▸ **WHAT IS NEEDED**: A copy of the listing below is needed, exact in every line and without images.

=======

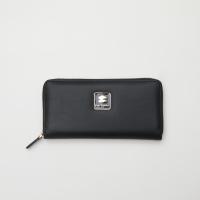 ราคา PAUL FRANK กระเป๋าสตางค์ LOGO ZIP AROUND LONG (23792552544)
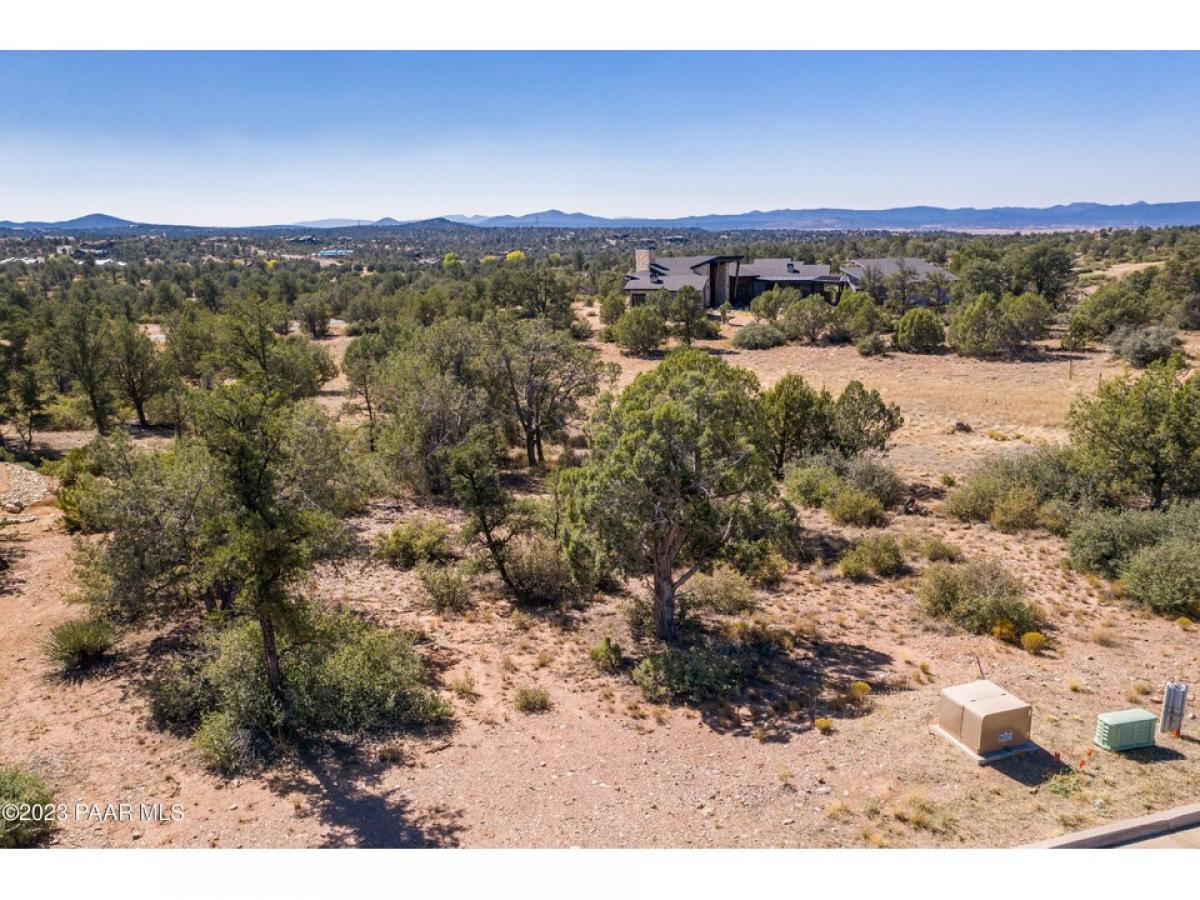 Picture of Residential Land For Sale in Prescott, Arizona, United States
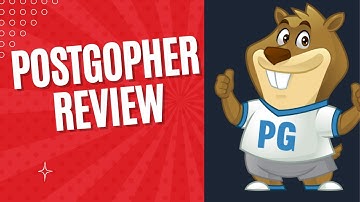 Post Gopher Review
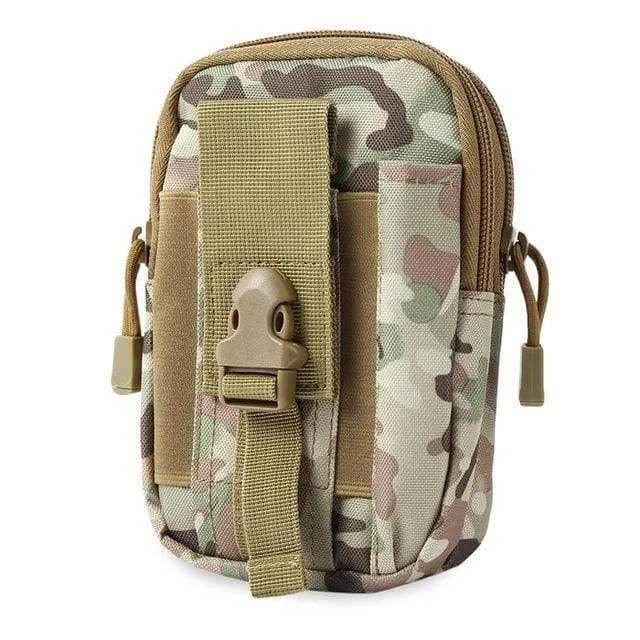 EDC Military Molle Belt Pouches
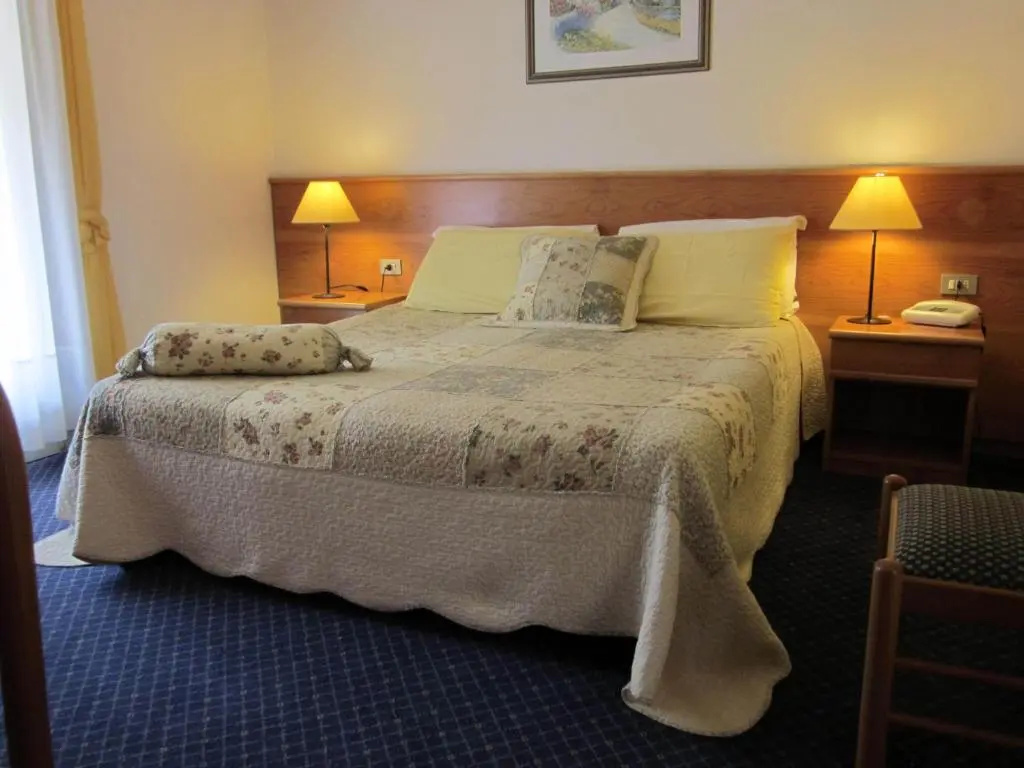 Garni Marina - Chambres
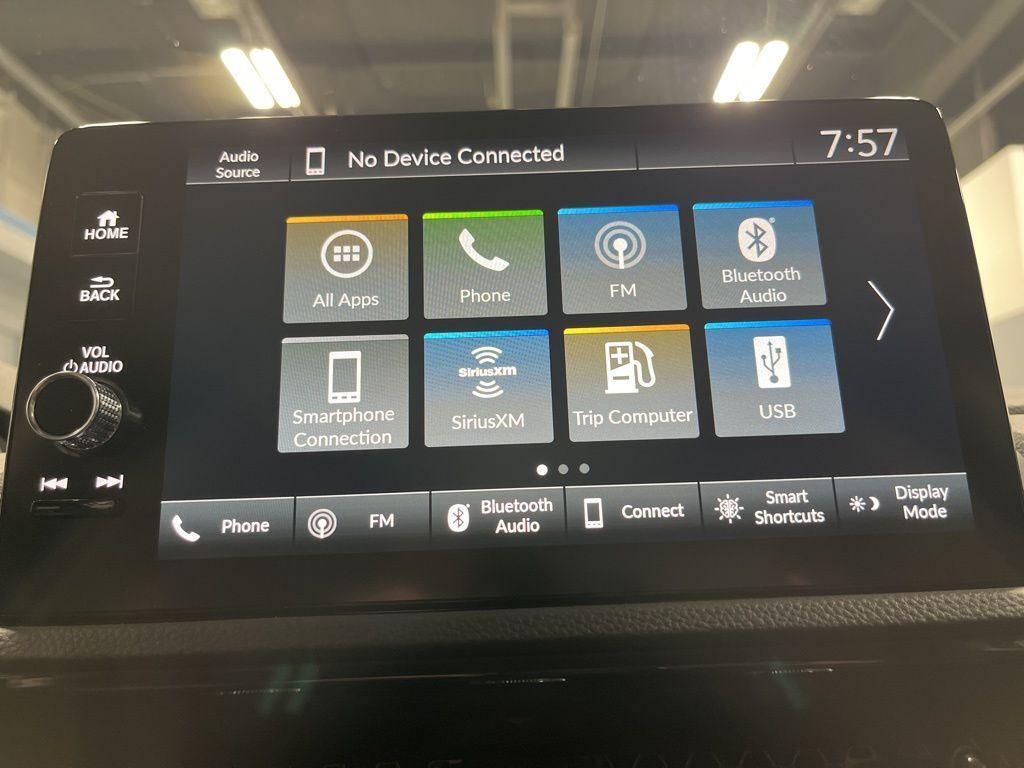 used 2023 Honda CR-V car, priced at $32,999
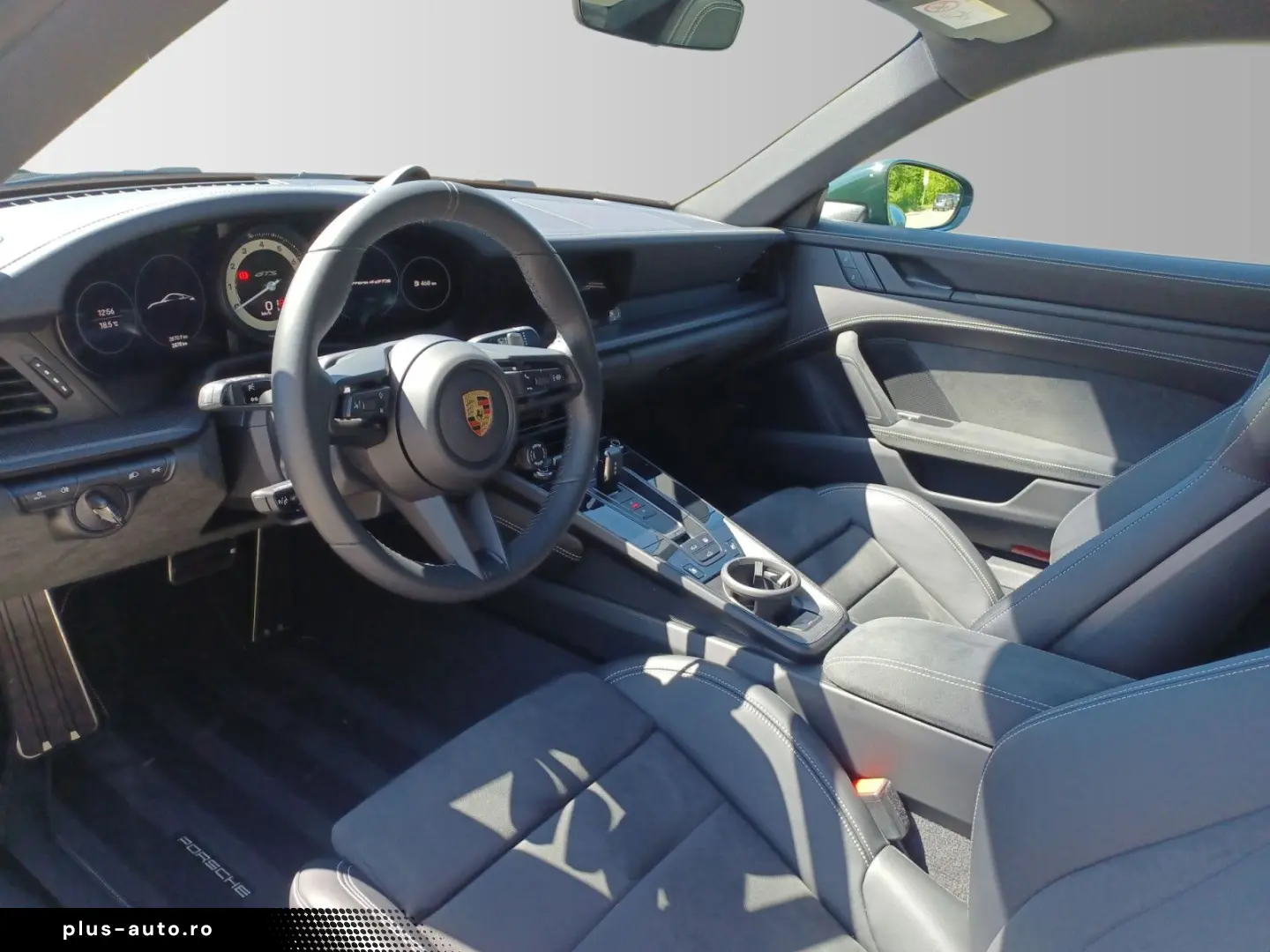 PORSCHE 911 2024 — imagine 8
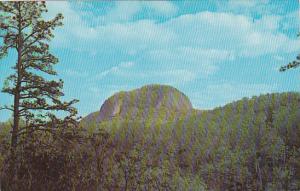 Looking Glass Rock Pisgah National Forest Western North Carolina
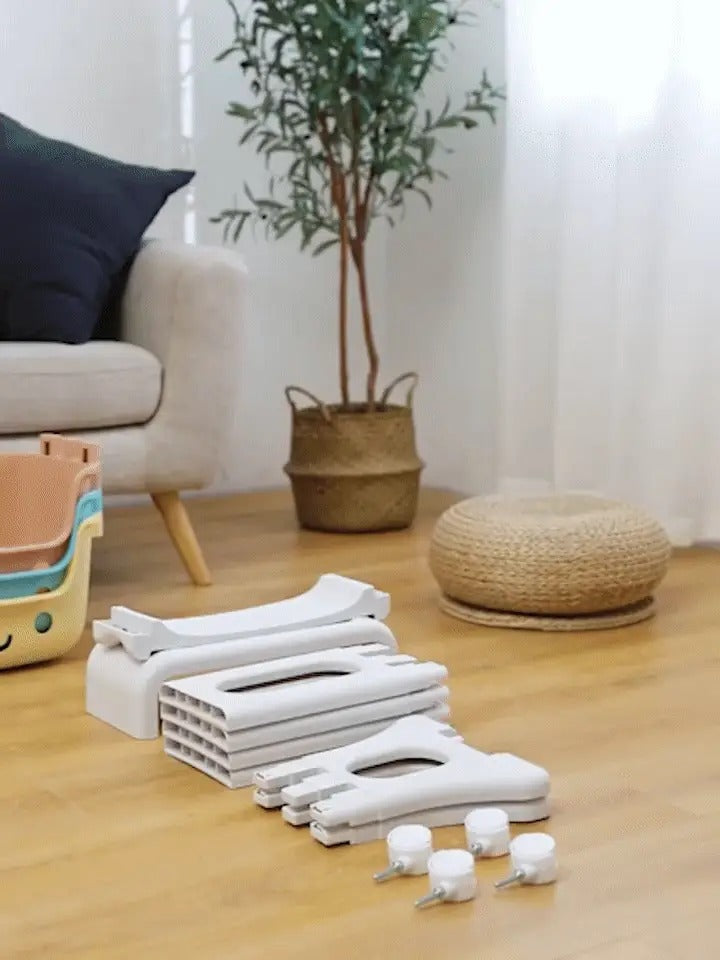 Kids Multi-Layer Storage Rack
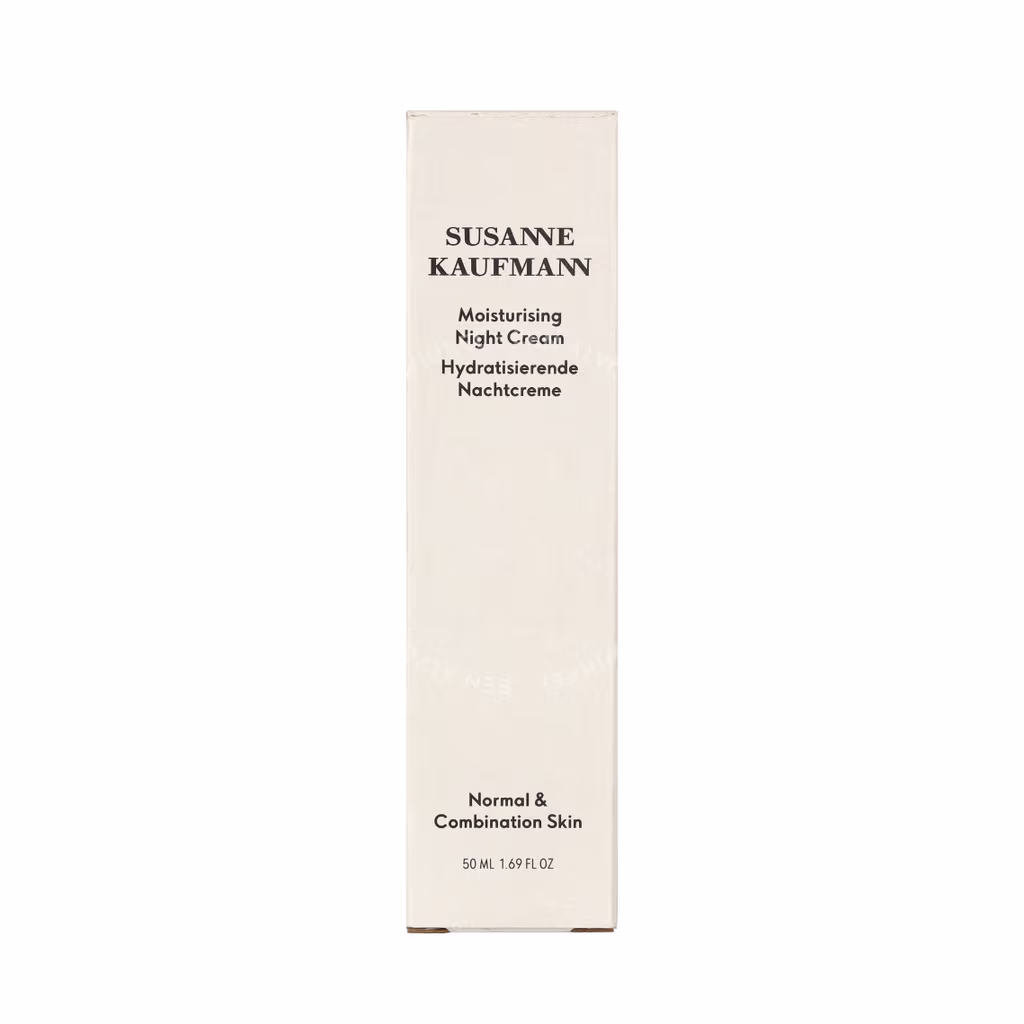 Susanne Kaufmann Susanne Kaufmann Moisturising Night Cream — foto 2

=======

▸ **EXERCISE RESULT**:
 ราคา PAUL FRANK กระเป๋าสตางค์ LOGO ZIP AROUND LONG (23792552544)
 Picture of Residential Land For Sale in Prescott, Arizona, United States
 Post Gopher Review
 EDC Military Molle Belt Pouches
 Garni Marina - Chambres
 used 2023 Honda CR-V car, priced at $32,999
 PORSCHE 911 2024 — imagine 8
 Looking Glass Rock Pisgah National Forest Western North Carolina
 Kids Multi-Layer Storage Rack
 Susanne Kaufmann Susanne Kaufmann Moisturising Night Cream — foto 2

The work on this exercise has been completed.